The plastering of skulls suggests a “cult of the head”, probably related to ancestor worship. In one house, dubbed “the Vulture Shrine”, headless human figures are associated with vultures. Similar imagery was present at Göbekli Tepe, where there were also deliberately beheaded sculptures. Two beheaded sculptures were also found at Çatal Höyük. Perhaps the head was seen as the seat of the soul, and bodies may have been exposed before burial so that vultures could consume the flesh and carry the souls of the dead up to a heavenly sky world, the land of the ancestors.

Bull skulls, plastered to resemble the living heads, are very common at Çatal Höyük and the bull most likely had a sacred significance. Horns, claws, and talons were also frequently plastered into the house walls. One impressive fresco shows a giant bull surrounded by diminutive figures of animals and humans – some of whom are carrying bows. One archaeologist suggests that the bows are musical instruments and the people are dancing rather than hunting. Some of the figures are orange and others dark red – suggesting a “dual moiety” kinship system – i.e. a community divided into two halves, each regarded as a single family or “clan”. Incest and exogamous marriage rules would require members of one clan to marry partners from the other clan. Çatal Höyük was divided into two halves by a gap along its major axis, suggesting that two complementary clans lived in opposite sides of the settlement.

Fresco showing a giant bull surrounded by a hunting (or dancing?) scene. Ca. 9-7 kya.

Another key image from Çatal Höyük is the leopard which seems to have had cultic significance. Several painted plaster reliefs show two leopards facing each other with what, to a modern eye, look like “stars” inside the spots. Some of the houses were periodically demolished and replaced with new buildings. One house, with the plaster relief of “star leopards” shown below, was replaced with a new build that included a second plaster relief similar to the first. The image clearly had importance to the residents of that house – an expression of their family identity perhaps. In later phases of the town, leopards also appear on pots and clay seals used for stamping designs onto a surface – maybe human skin, leather, or even bread baked by a particular family. Curiously, no leopard body parts, other than a single claw pierced for use as a pendant, have been found at the site, though some human figures in wall paintings are wearing leopard hides. It may have been taboo to keep leopard meat in or near the residential area.

Drawing of a similar image from a wall painting.
Painted plaster wall plaque of two “star leopards”.
Leopard stamp seal
Human figure riding a leopard and wearing a leopard skin.

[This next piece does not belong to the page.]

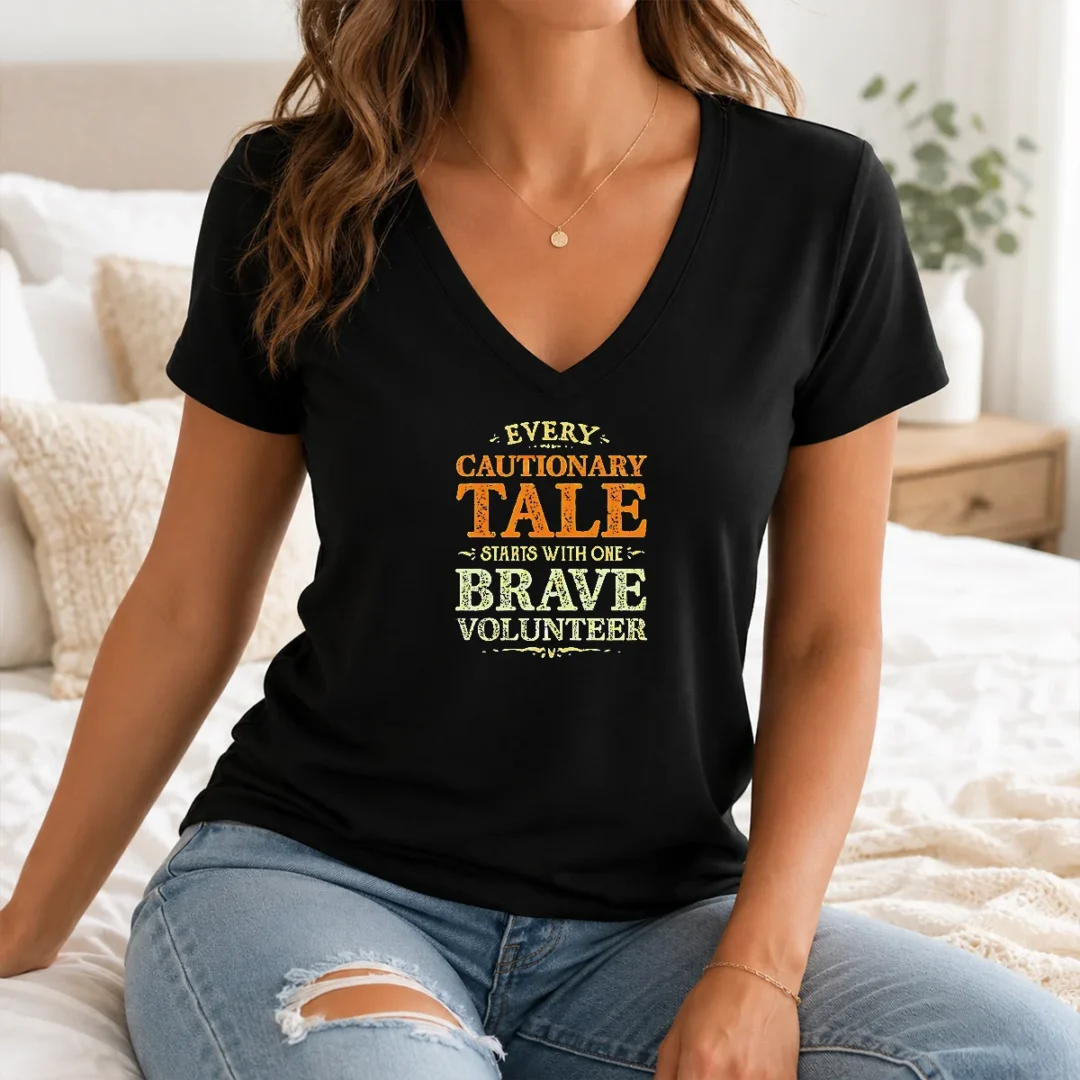 Hot Pretty Every Cautionary Tale Starts With One Brave Volunteer V Neck Shirt Hot Pretty Every Cautionary Tale Starts With One Brave Volunteer V-Neck Shirt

Bulls, leopards, and bears appear to make up a trinity of cult animals at Çatal Höyük. These are all dangerous wild animals – cattle were not domesticated until late in the occupation of the site. Large plaques of figures with upturned limbs were initially interpreted as “mother goddesses” until the stamp seal of a bear in identical pose was found (below, right). It was impossible to identify the plaque figures because the heads and paws were broken off when the houses were abandoned, as if to “kill” the figure before it could be safely buried. The plaque figures below have a prominent circled navel so maybe they were “mother bears” or even therianthropic goddesses. The navel is marked on the seal also. As with leopards, bear body parts are extremely rare at Çatal Höyük, again suggesting a taboo related to bear meat.

Among Hindus today the cow is a taboo animal, being the earthly embodiment of the cow goddess Kamadhenu, also referred to as Gou Mata (“Cow Mother”). The goddess literally dwells within all cows. Perhaps the people of Çatal Höyük believed that deities lived within their taboo animals. 

Two wall plaques interpreted as bears with upturned limbs. The bear stamp seal (right) has an identical pose.

The strongest evidence for a mother goddess at Çatal Höyük is a clay figurine depicting a seated woman flanked by two felines (below). Since Çatal Höyük is centrally placed in southern Anatolia, it is difficult to resist seeing this figure as a precursor, or even the origin, of the Anatolian goddess Cybele. Her cult eventually spread to Greece and Rome where she was regularly depicted with lions, and wearing a “mural crown” representing city walls. Cybele was the “Great Mother” and mother of all the gods. She ruled wild nature, represented by lions, but also protected the city, represented by her mural crown. In Greece and Rome she was served by mendicant eunuch priests who castrated themselves in honour of Attis, her son or grandson. Cybele fell in love with Attis, but drove him mad in a fit of jealousy when he tried to marry a princess. The crazed Attis castrated himself, and where his blood spilled, violets sprang from the ground.

Left: “Mother goddess” enthroned between two felines, resembling the Anatolian goddess Cybele.
Right: “Twin goddess” with two heads and four breasts but only two arms. 8-7.5 kya

Hundreds of figurines have been found at Çatal Höyük, including steatopygous females reminiscent of the Venus figurines of the Ice Age. There are also animals, humans, therianthropes, and sexually ambivalent figures. The latter two suggest shape-shifting beliefs and the ritual template “wrong gender, wrong species, wrong time” – which originally forced men to provision women in exchange for sexual access. Sexually ambivalent figures – notably females with phallic heads – are very common across the Levant and south eastern Europe. A few examples are illustrated below.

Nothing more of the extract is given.